Keep Western Maryland’s scenic river wild
For years, my license plate read “YOUGH.”
This was in honor of the remarkable Youghiogheny River — a wild ride that tested me, my husband and our friends in our younger days, initially on raft and “rubber duck” then in kayak and canoe, again and again for years. Thanks to Dan Rodrick’s recent column (“Dan Rodricks: Leave the Youghiogheny, Maryland’s officially ‘wild’ river, alone,” May 24), those challenging sparkling memories pulled up a big grin.

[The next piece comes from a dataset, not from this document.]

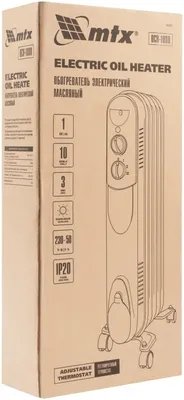 Масляный радиатор MTX OCH-1000 5 секций 230 В, 1000 Вт 98301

The river’s Maryland section — in Garrett County, and called the Upper Yough — is its toughest and remotest. Steep, boulder-strewn and sinuous, the river corridor includes a 280 foot drop of whitewater over four miles. In 1968, the federal government declared the Maryland section (the river also runs through West Virginia and Pennsylvania) to be one of the nation’s five remaining “wild and scenic rivers.” The Maryland legislature adopted this designation, and undertook intensive study of the corridor’s resources, ecology and endangered species, ultimately codifying protections to conserve its “primitive qualities and characteristics.” Fifty years ago, our portion of the Youghiogheny was celebrated in a National Geographic volume called “America’s Wild and Scenic Rivers” and it has been noted ever since in similar books.
Our state’s stretch of this stunning waterway remains a national ecological treasure. It will benefit it not at all to be domesticated by a parallel tourist-driven hike and bike path. The Maryland Department of Natural Resources has conscientiously sought to protect the Yough’s wild “outstanding remarkable values.” We thank DNR for that and hope it doesn’t let up now.
The writer is a former president of the Baltimore City Forest Conservancy District Board.